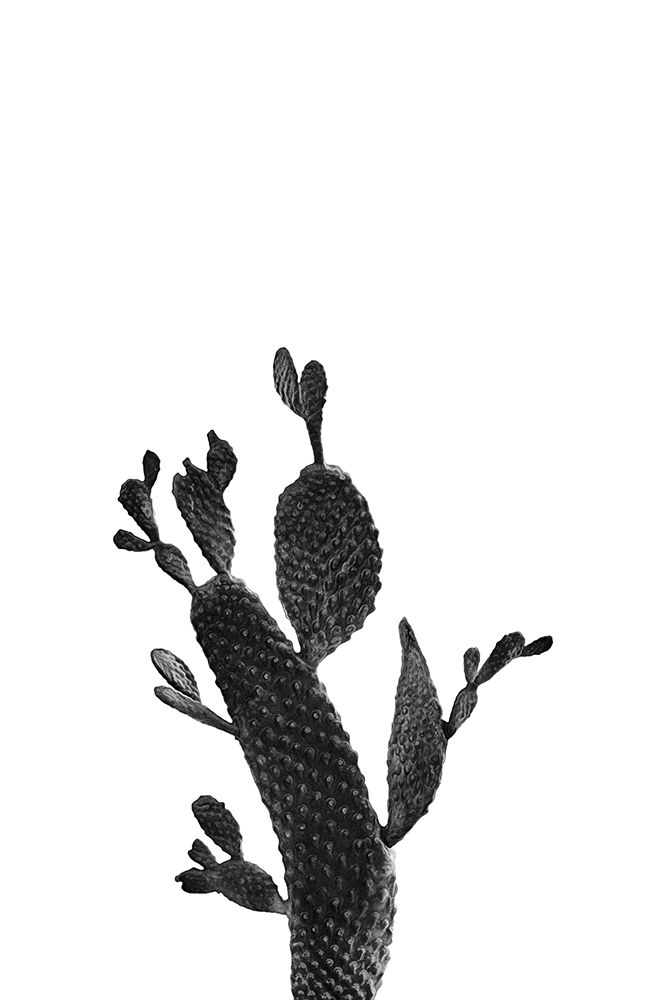 Cactus Black And White 02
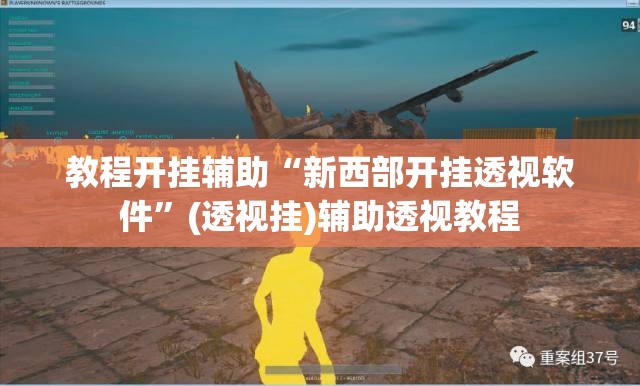 教程开挂辅助“新西部开挂透视软件”(透视挂)辅助透视教程
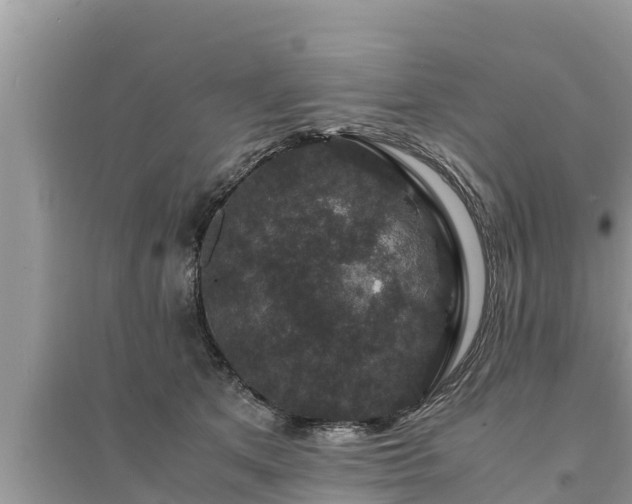 X0000095540513200712211350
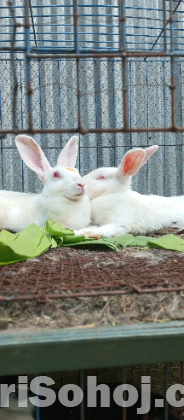 খরগোশ ( Rabbit )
......
=== WORK INSTRUCTION ===
Copy each line above exactly. Images do not belong in the copy.

=== OUTPUT ===
 Cactus Black And White 02
 教程开挂辅助“新西部开挂透视软件”(透视挂)辅助透视教程
 X0000095540513200712211350
 খরগোশ ( Rabbit )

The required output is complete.